In response to this comment, another user brought up Mint, the online budget planner and tracker.

"Agreed," they said. "Mine was to actually dedicate 30 minutes at the end of the month to look at Mint and look at your spending categories.

"I use Mint to input data into my own personal spreadsheet of monthly spending and I think about how it’ll feel to update it when I make an unnecessary purchase."

Speaking about being more conscious when spending, here's another helpful philosophy when in comes to making those bigger purchases:

"I'm by no means a minimalist, but I do like to think of my purchases through Marie Kondo's 'What gives you joy?' lens.

"If it's a purchase, however frivolous, that truly makes you happy – it is probably worth it (if you can afford it/make it worth saving for).

"I was able to cut so many things (and spend more on higher quality things) when I looked at things through the 'does it bring me joy' lens.

"Whatever those things are is going to be different from person to person, but this idea has really helped me cut back without feeling deprived."

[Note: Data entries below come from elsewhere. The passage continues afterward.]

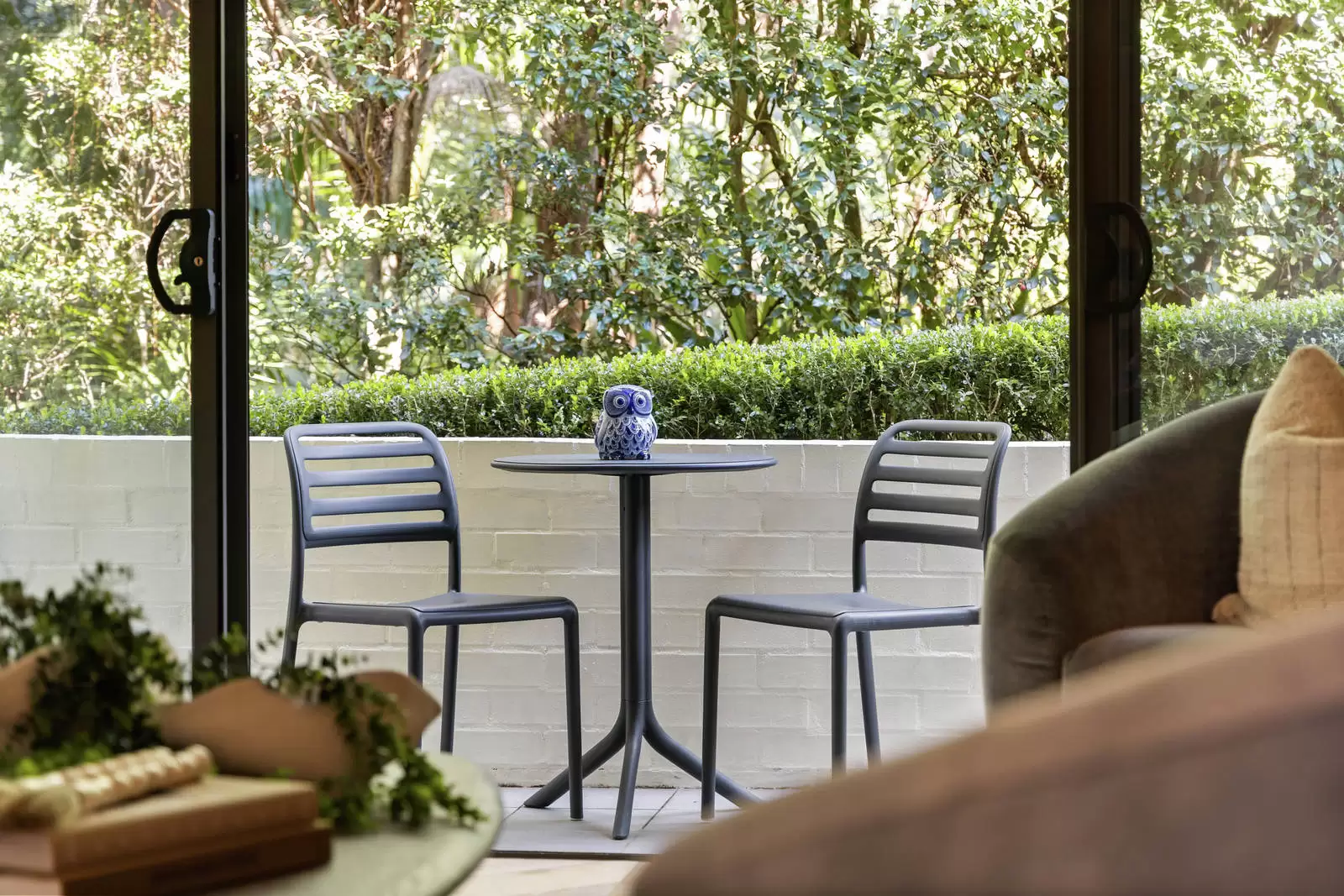 4/37-39 Kenthurst Road, St Ives Sold by Sydney Sotheby's International Realty - image 20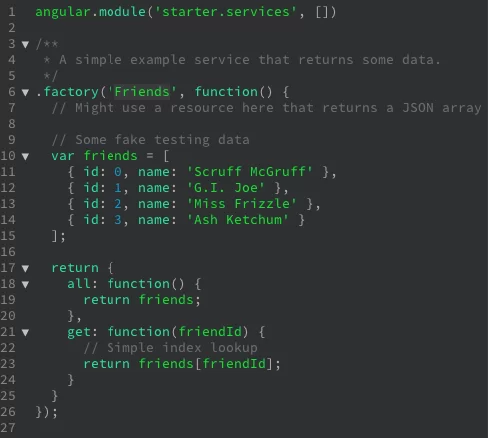 screenshot-at-may-10-21-19-58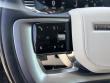 2023 Land Rover Range Rover Autobiography LWB SUV
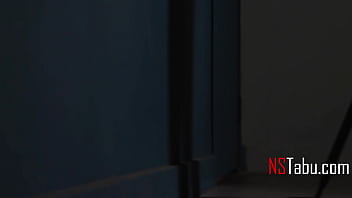 Lil crease whining for a release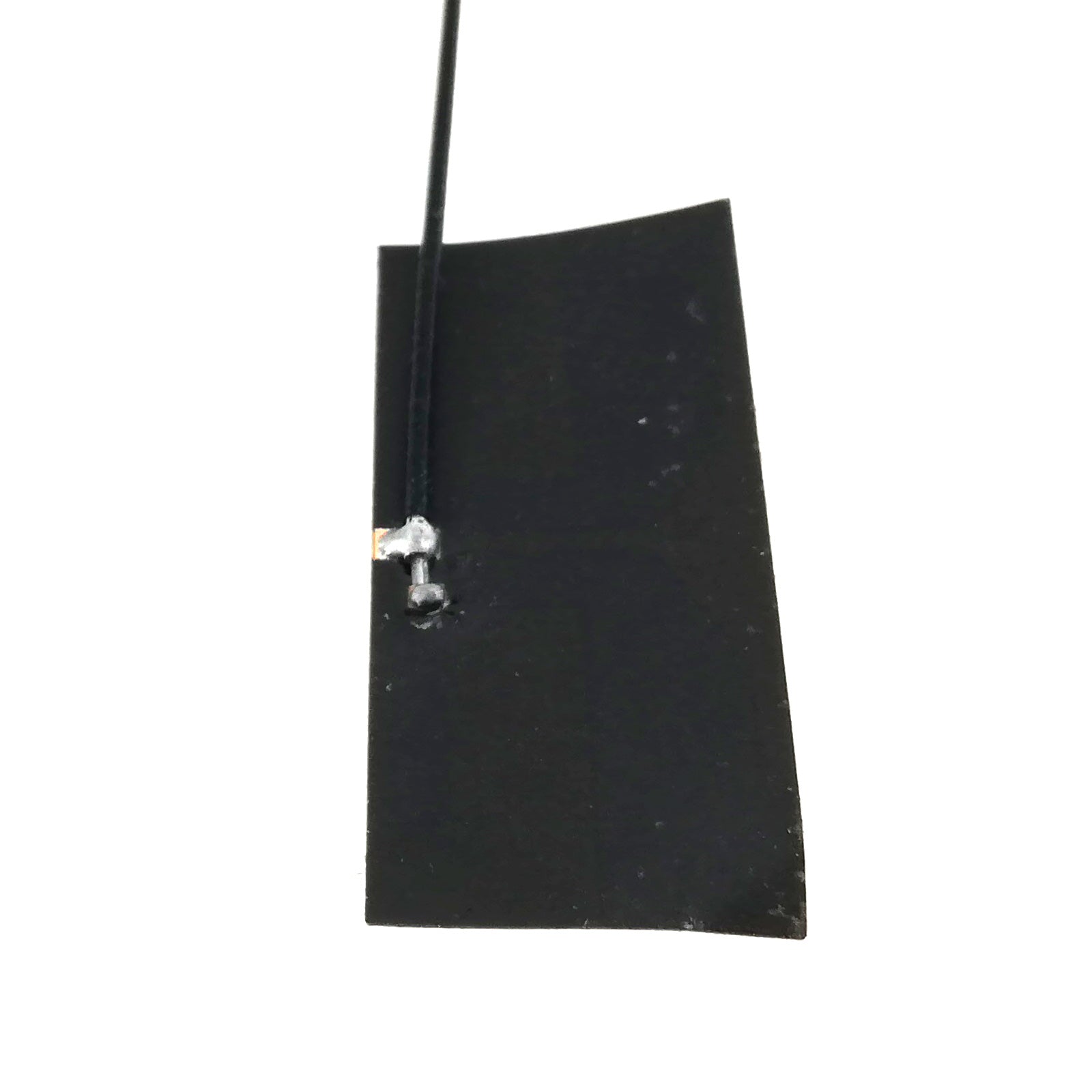 Internal Mini PCIe Wireless Antenna, 23.5cm - QAREQU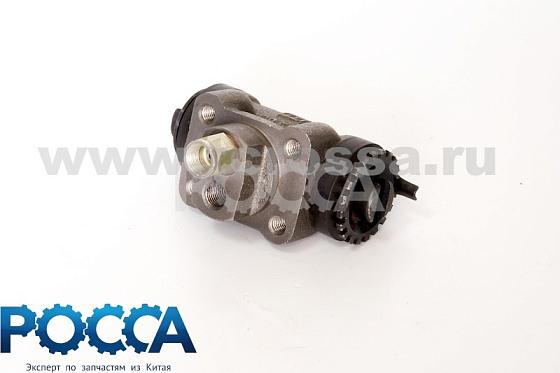 Цилиндр тормозной задний (левый задний) FOTON (Фотон) 1049A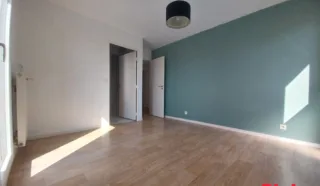 Maison 5 pièce(s)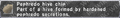 Thumbnail for version as of 22:48, 29 August 2026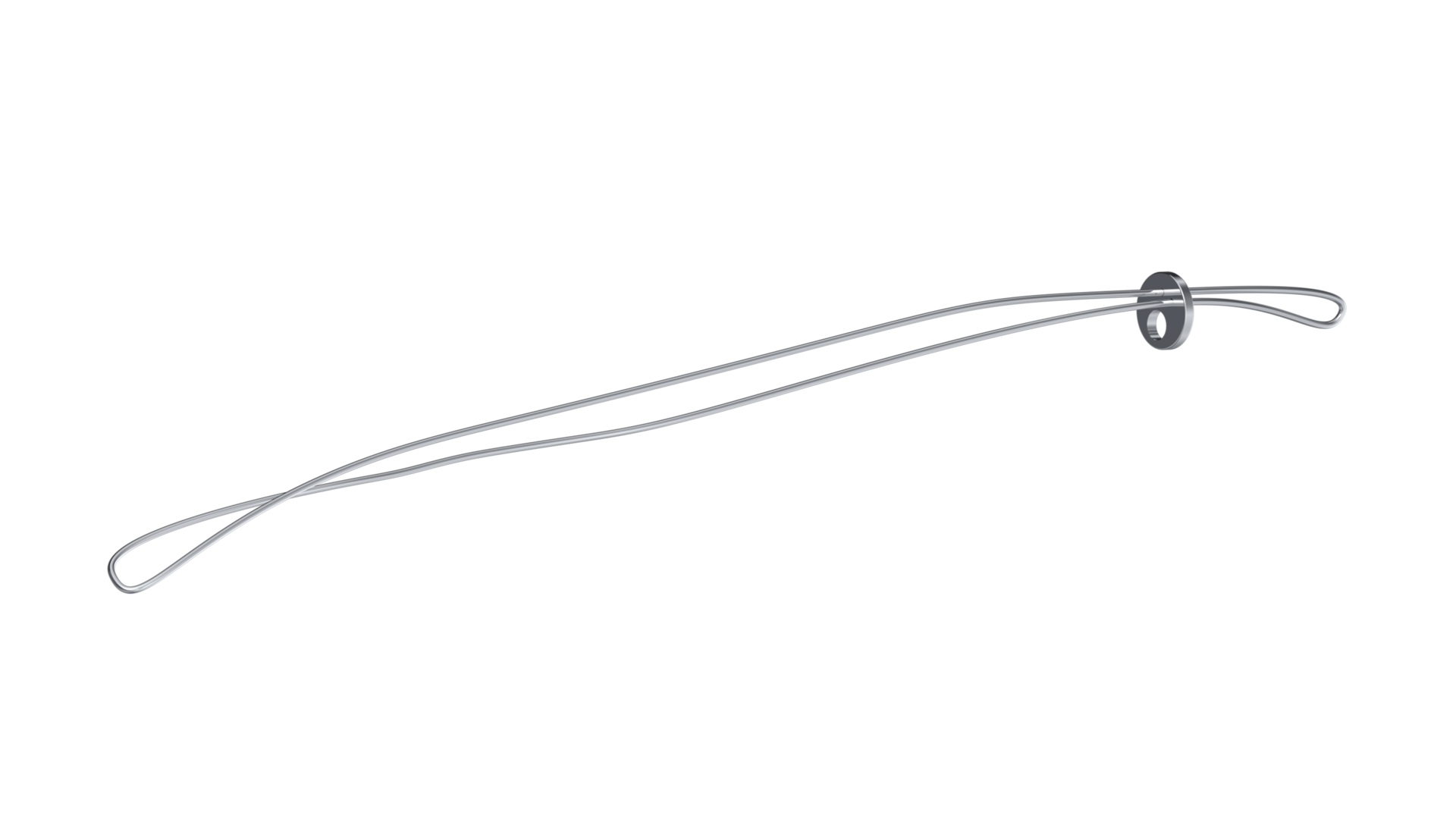 /storage/photos/1/madiha-ortho images/Wires & Pins/Dromond Wire.png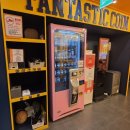 판타스틱코인노래연습장 분당효자촌점 이미지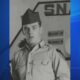 Remains of MIA soldier from Korean War returning to Missouri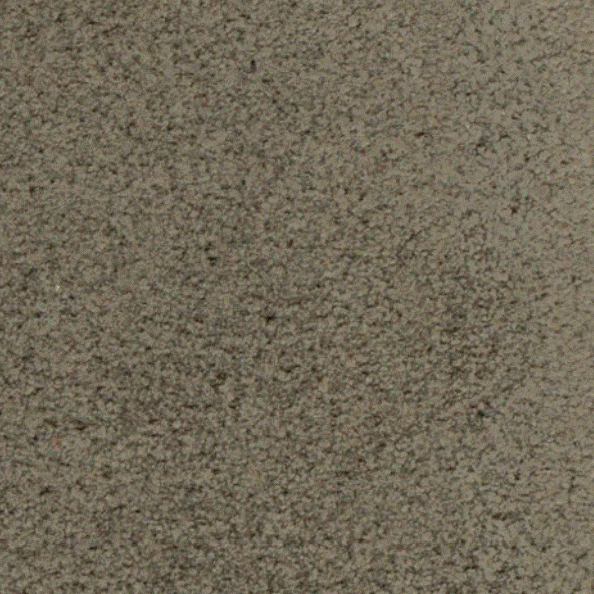 Acoustic Leder Barr Suede – CARIBOU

Spreadsheets are another useful tool for organising your finances.

From the philosophical to the practical, one person recommended this simple yet effective method - deleting your shopping apps. The same can be said for food delivery apps such as Just Eat and Deliveroo.

Although they make life easier, they also make it easier to spend money. The same goes for marketing emails.

"Unsubscribe from marketing emails," said one Redditor, while another suggested, "Use a spam email account for any purchases you make so that the marketing emails go to that account instead of the account you use for everything else.

"No more impulse shopping when 'deals' come through in your email."